-- DATA EXCERPT --
*** Block opens ***
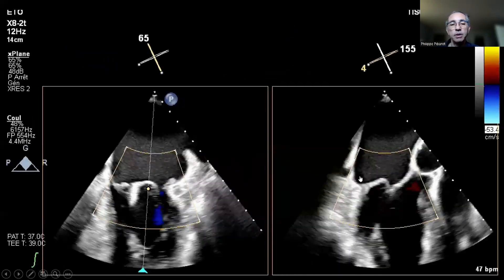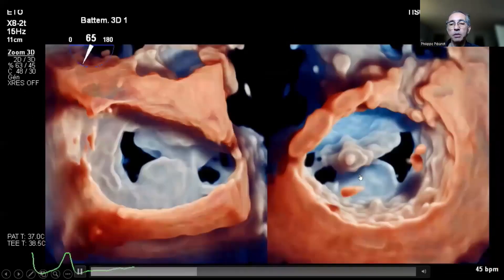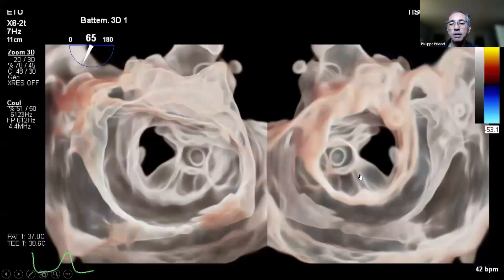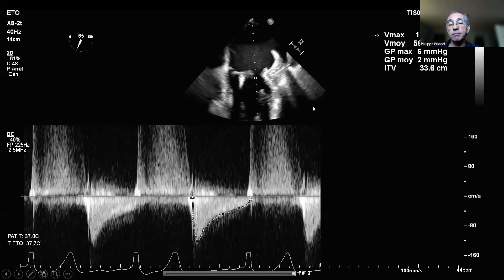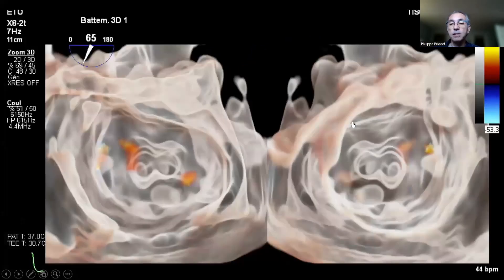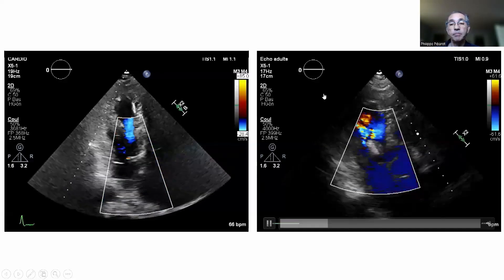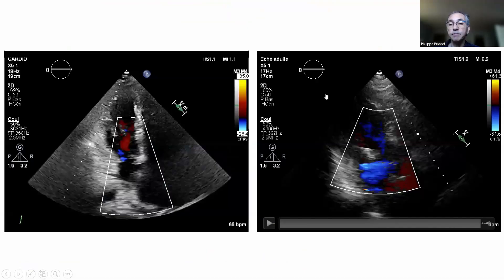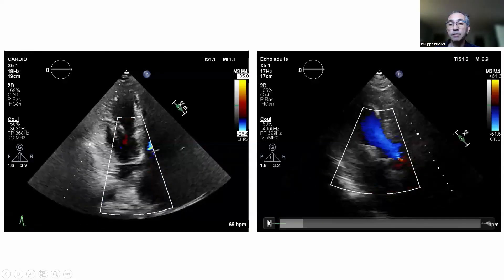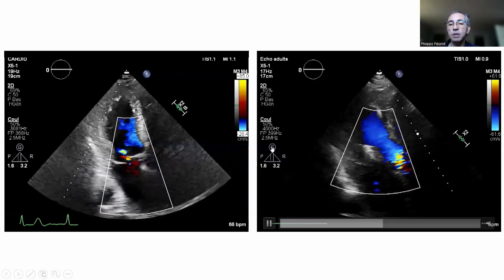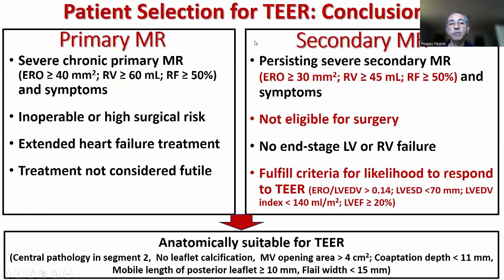After the first clip, results were good but more was needed. We checked for iatrogenic mitral stenosis: mean gradient of 2 mmHg — no evidence of stenosis. A second clip was placed; again, mean gradient of 2 mmHg, very stable, no mitral stenosis. The final result showed only a trace of MR after placement of these two clips.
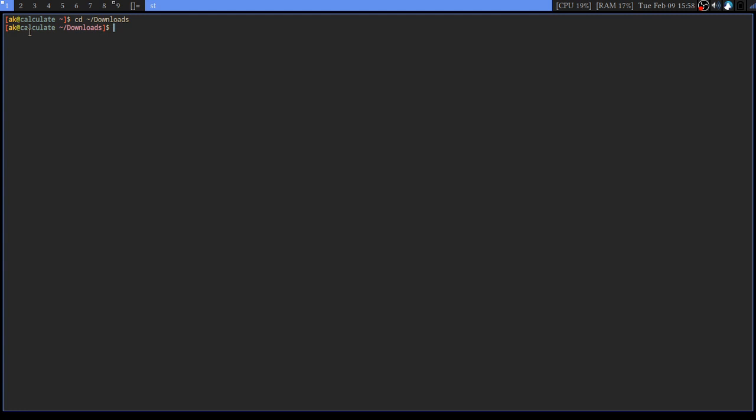First, chmod - that means you're making it executable. chmod +x to make it executable, and then type the full app image name, so it is Visual Studio Code X, etc. I already did the command, so I don't need to do it.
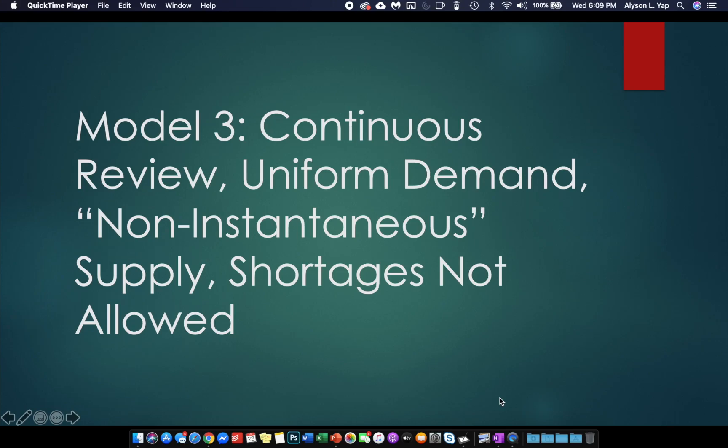For model number three, these are the following assumptions. First, again, we assume continuous review and uniform demand.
*** Block closes ***
-- WORK REQUEST --
Only an exact copy of the lines from the one with "First, chmod - that" through the last line of the listing should be given; pictures must not be included.

-- ANSWER BELOW --
First, chmod - that means you're making it executable. chmod +x to make it executable, and then type the full app image name, so it is Visual Studio Code X, etc. I already did the command, so I don't need to do it.
For model number three, these are the following assumptions. First, again, we assume continuous review and uniform demand.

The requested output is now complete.